Monday, October 29, 2007

Do human souls have mass?

A man by the name of Dr. Duncan MacDougall claimed that the human soul actually has mass and went out to prove it by conducting an experiment in 1907. In the experiment which was conducted in a controlled environment, he laid 6 subjects who were close to death on beds which was constructed with a “delicately balanced platform beam scale” integrated into it. Upon death, it was found that out of the 6 subjects, 4 subjects have lost some weight. For the remaining two, one subject passed away 5 minutes before the experiment began and the other the scales were not properly tuned. In the process of weighing, MacDougall took into account the mass loss due to respiration and evaporation of sweat. If there is bowel movement upon death, it will still remain on the bed cum scales.

Result: There was a lost of 21 g (average I think) at the point of death.

Conclusion: Human souls have mass

Critics state that MacDougall could not have accounted for all the factors that lead to the small mass loss.

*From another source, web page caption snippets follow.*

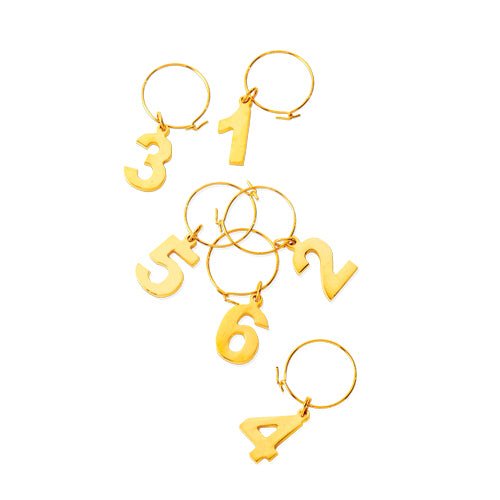 Set of 6 Gold Plated Wine Charms | Zigeze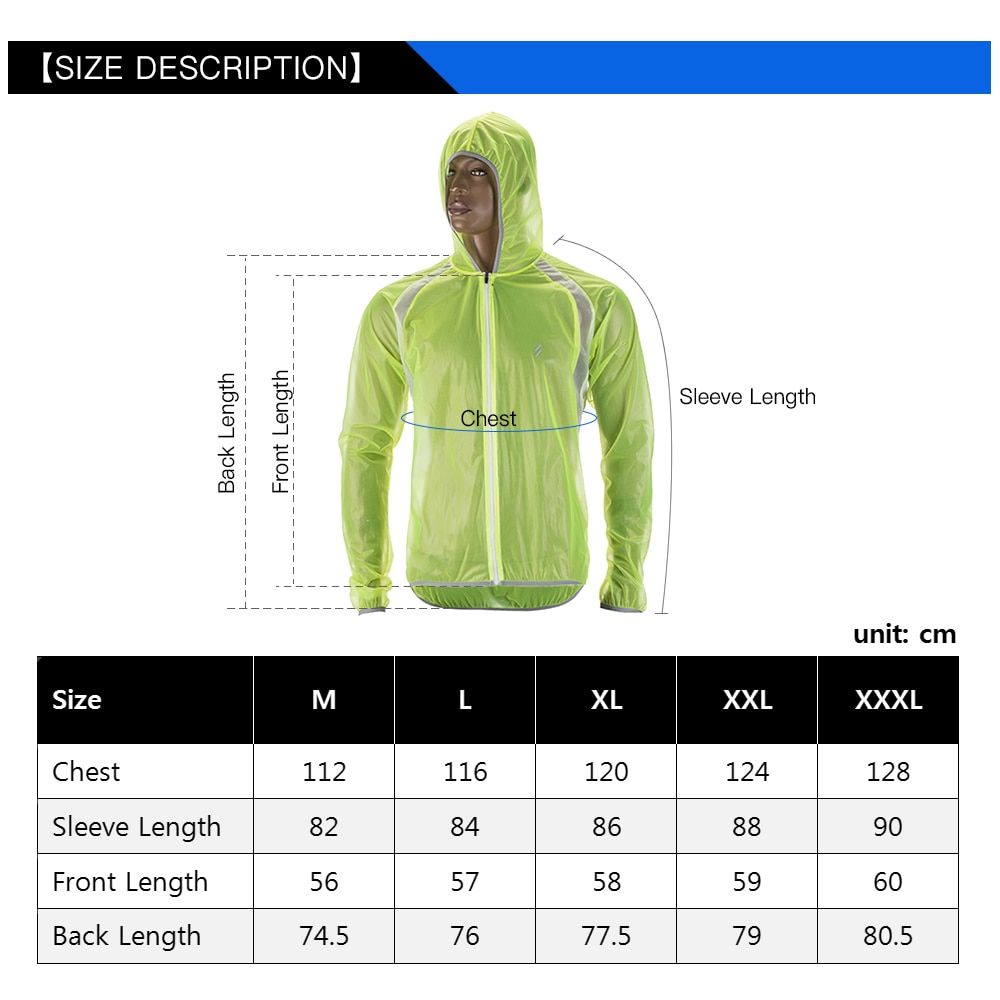 Waterproof Cycling Jacket Rainproof MTB Bike Wind Coat Road Bicycle Jacket Raincoat for Bicycle Equipment Clothing Unisex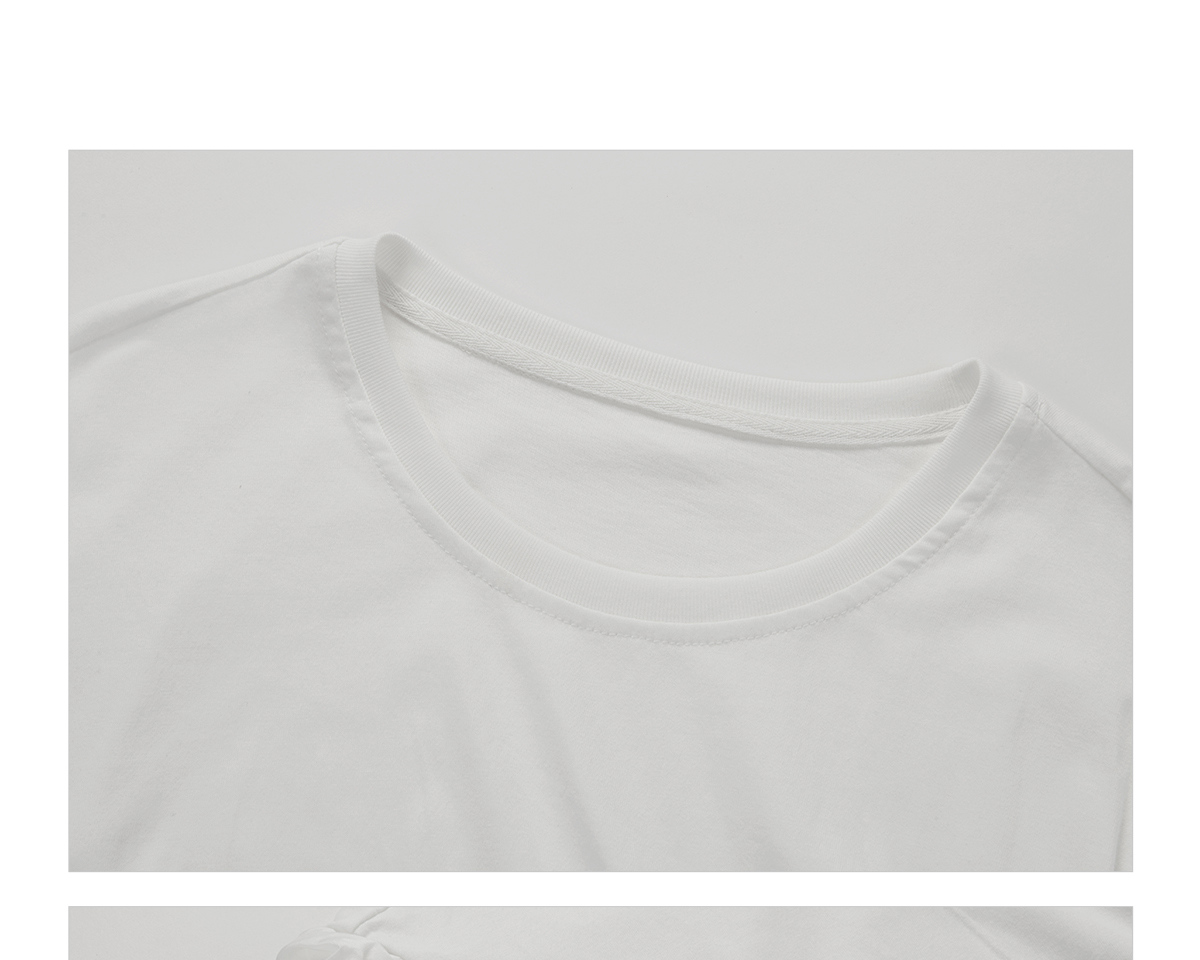 白Tシャツ サイドギャザーフリル袖カットソー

MacDougall did not at that time, had the equipment to accurately measure the mass lose due to evaporation and respiration. Dr. Augustus P. Clarke explains that at death, there is a sudden rise in body temperature when the blood stops being air-cooled via its circulation through the lungs. Dr. Clarke posited that the increased temperature elevated the rate of sweating and moisture evaporation which lead to the sudden drop of weight. Also, science is based on the repeated and reproducibility of the experiment and MacDougall only had 6 data from the subject and varied in the way mass was lost, which was not “scientifically acceptable” (One subject lost and actually gained weight and then lost weight again). In the end, the whole experiment was brushed aside due to many ‘unaccountable’ factors.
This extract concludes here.